By far the simplest and most straightforward way to iterate in C is at runtime, using an array:
int [] y = { 0, 1, 4 };
for(int i = 0; i < sizeof(y)/sizeof(int); ++i) {
printf("%d\n", y[i]);
}
If you want, you can hide the printf using a function:
inline void print_int(int* y, int i) { print_int(y[i]); }
int [] y = { 0, 1, 4 };
for(int i = 0; i < sizeof(y)/4; ++i) print_int(y, i);
And going further with functions:
inline void print_int(int x) { printf("%d\n", x); }
inline void print_int(int* y, int i) { print_int(y[i]); }
inline void print_ints(int * y, int n)
{
for(int i = 0; i < n; ++i)
print_int(y, i);
}
template<int n> // C++
inline void print_ints(const int[n] & y) { print_ints(&y[0], n); }
int [] y = { 0, 1, 4 };
print_ints(y); // C++
// or in C:
print_ints(y, sizeof(y)/sizeof(int));
Now, what if you absolutely want the generated code to look like solution 3. ? This means you need the iteration to happen at compile-time. Tricky!

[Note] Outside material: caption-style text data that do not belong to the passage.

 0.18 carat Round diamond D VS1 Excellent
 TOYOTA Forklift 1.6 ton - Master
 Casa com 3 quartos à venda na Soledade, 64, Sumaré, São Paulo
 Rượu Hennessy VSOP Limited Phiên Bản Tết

That's where the preprocessor can come into play. There are (hacky) ways to make it do this kind of things. I strongly recommend not implementing this yourself (except to play), but use the Boost.preprocessor library instead:
#define PRINTER(R,D, NUMBER) printf("%d\n", NUMBER);
#define NUMBERS (0, 1, 4)
BOOST_PP_LIST_FOR_EACH(PRINTER, _, BOOST_PP_TUPLE_TO_LIST(NUMBERS))
// will expand to printf("%d\n", 0); printf("%d\n", 1); printf("%d\n", 4);
Under standard C, this is not possible; during preprocessing, the compiler simply sees the identifier i as simply that - an identifier. It does not know that i is of type int, or that it's even a variable in the first place.

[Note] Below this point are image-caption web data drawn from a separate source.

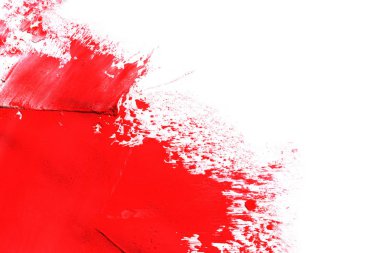 Soyut mürekkep arkaplanı. Mermer tarzı. Beyaz kağıda siyah boya dokusu. Ağ ve oyun tasarımı için duvar kağıdı. Grunge çamur sanatı. Kalem suyunun makro resmi. Koyu Smear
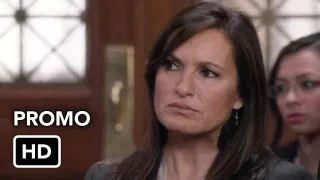 Law and Order SVU 14x17 Promo "Undercover Blue" (HD)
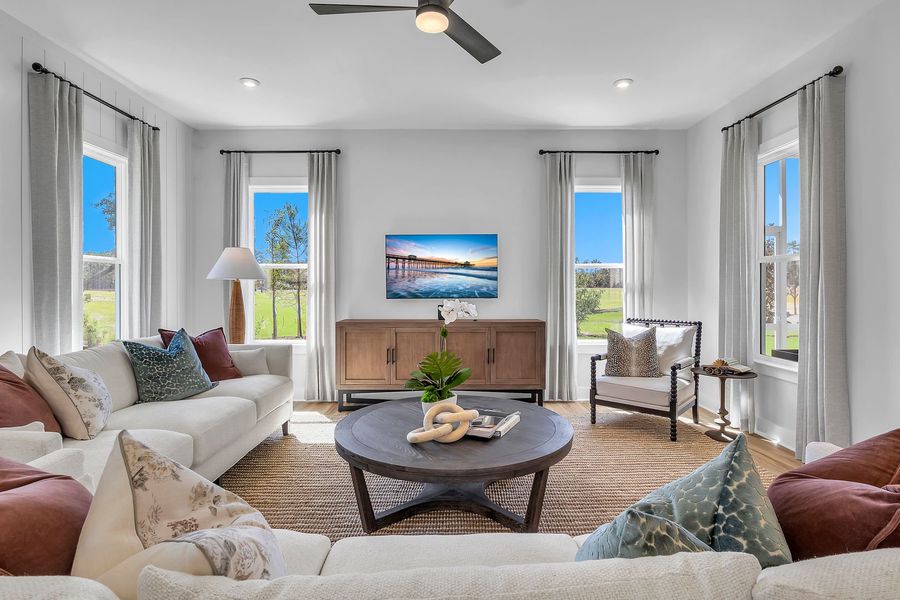 Family Room Family Room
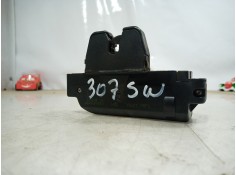 Recambio de cerradura maletero / porton para peugeot 307 break / sw (s1) referencia OEM IAM 9646091580 9646091580 9646091580 2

The easiest way to achieve what's intended is to use an array, like so:
int i;
int y[] = { 0, 1, 4 };
for (i = 0; i < 3; i++) // NOTE: arrays in C start at index 0, not 1
{
printf("%d \n", y[i]);
}
Also note that I got rid of the macro, as you want to use the value of a runtime variable i to select another runtime variable.